Épica del desamor

Épica cotidiana del desamor. Dos hermanos que de niños no fueron bien queridos (el padre era distante hasta el extremo del maltrato, la madre los abandonó), y que se han convertido en dos adultos que no se quieren (apenas se relacionan) y no saben querer (sus vidas sentimentales están marcadas por la desidia emocional que rehúye todo compromiso), se ven forzados a hacerse cargo de su anciano padre que ha iniciado el descenso a la demencia. Tamara Jenkins cuenta esta historia desoladora con sentido de la ironía y sin sentido de la compasión. Lo primero dota a la película de un humor agrio y lo segundo de tristeza. Hay a quien a esto le llama sinceridad. Tiene razón si lo hace en oposición a tantas películas blandengues y mentirosas que presentan con amabilidad los estragos de la vejez y hasta la convierten en ocasión redentora para el reencuentro entre padres e hijos o entre hermanos. Pero no la tiene si la referencia es la realidad. Afortunadamente no todos los padres tratan mal a sus hijos o los abandonan, no todos los hermanos se ignoran y no todos los hijos soportan a duras penas a sus padres. Tamara Jenkins cuenta un caso, que tiene la peculiaridad de las circunstancias y decisiones que han hecho las vidas y caracteres de sus personajes, pero no establece una tesis. O no debería hacerlo.

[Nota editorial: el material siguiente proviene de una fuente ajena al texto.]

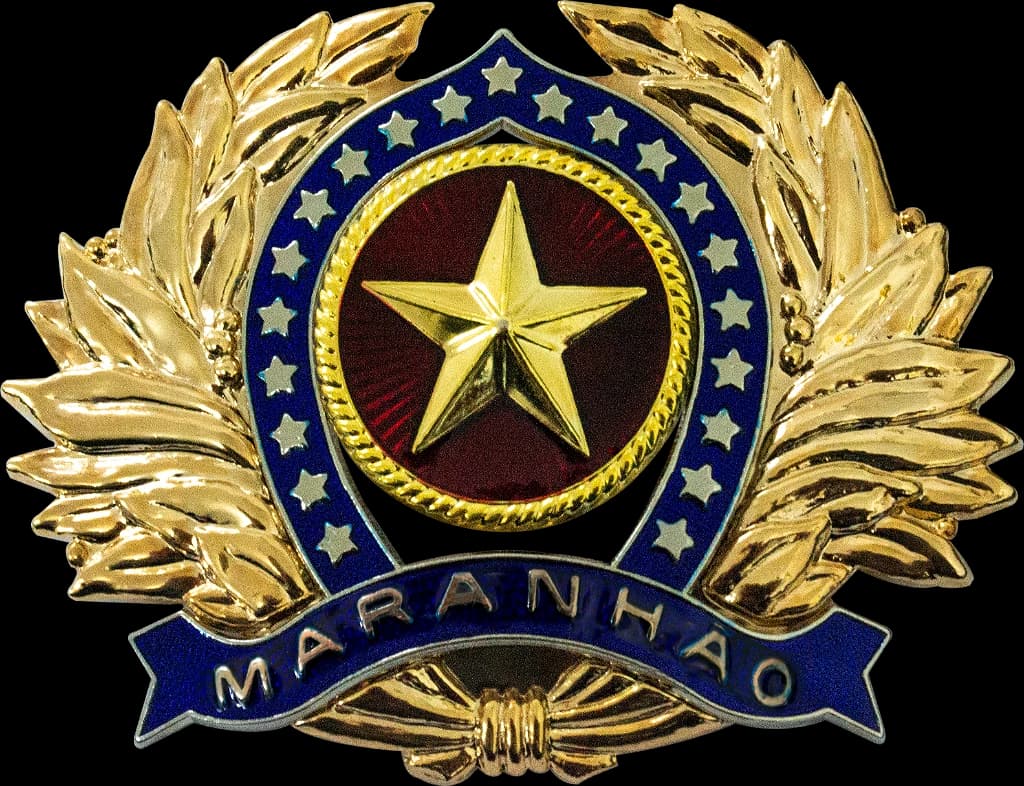 DISTINTIVO DE BOINA - OFICIAL POLÍCIA MILITAR MA — imagem 1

Que los hermanos tengan ambiciones artísticas y académicas no satisfechas delimita bien el territorio: estamos en los ámbitos del narcisismo, el egotismo, la permanente insatisfacción, la pedantería y el complejo de quienes creen que la vida no ha hecho justicia a su talento. La insistencia de Tamara Jenkins -interesante actriz, guionista y realizadora- en la desolada representación de familias desoladas parecería indicar una trauma originario que exploró en la a medias autobiográfica Slums of Beverly Hills (1998), inspirándose en la famosa frase de Ana Karenina: "Las familias felices son todas iguales; las familias infelices lo son cada una a su manera". El desprecio intelectual por la felicidad, ya se sabe.

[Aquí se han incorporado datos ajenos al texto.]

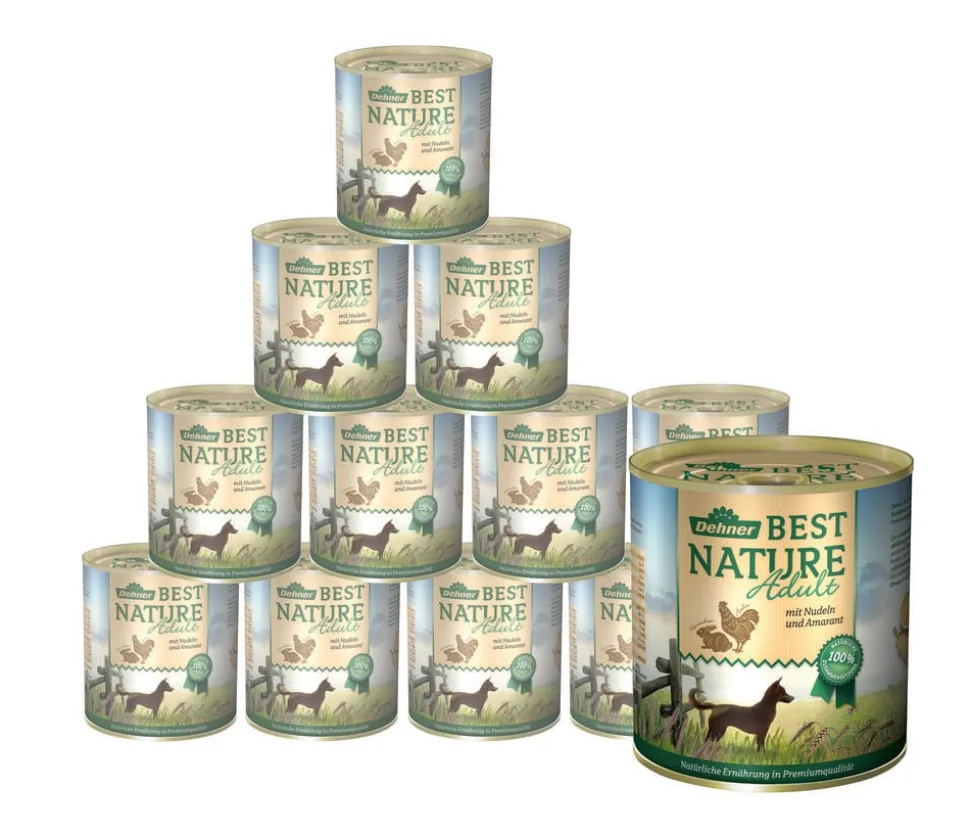 Dehner Best Nature Nassfutter für Hunde Adult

Quienes confunden pesimismo con realismo, feísmo con sinceridad y pesimismo con inteligencia aplaudirán esta película como una obra sincera y valiente que refleja la triste realidad. Quienes van al cine para engañarse coloreando la vida le reprocharán su descarnado humor y su pesimismo. Quienes se sientan ante la pantalla sin prejuicios (mejor dicho: con los prejuicios que todos tenemos bien identificados, fichados y controlados) apreciarán su áspera inteligencia, su descarnada voluntad por presentar lo peor (no lo más común) y más mediocre de la naturaleza humana, su hiriente sentido del humor, su agobiante forma de invocar la ternura inteligentemente provocada por su casi total ausencia, la perfección de los diálogos de su sólido guión y, sobre todo, las excepcionales interpretaciones de Philip Seymour Hoffman, Laura Linney y Philip Bosco. Y le reprocharán dos cosas: gratuitas incursiones en un feísmo que delata en la realizadora carencias afectivas muy parecidas a las que afectan a sus personajes y una sospechosa retórica de la antirretórica que exagera las marcas realistas de la imagen.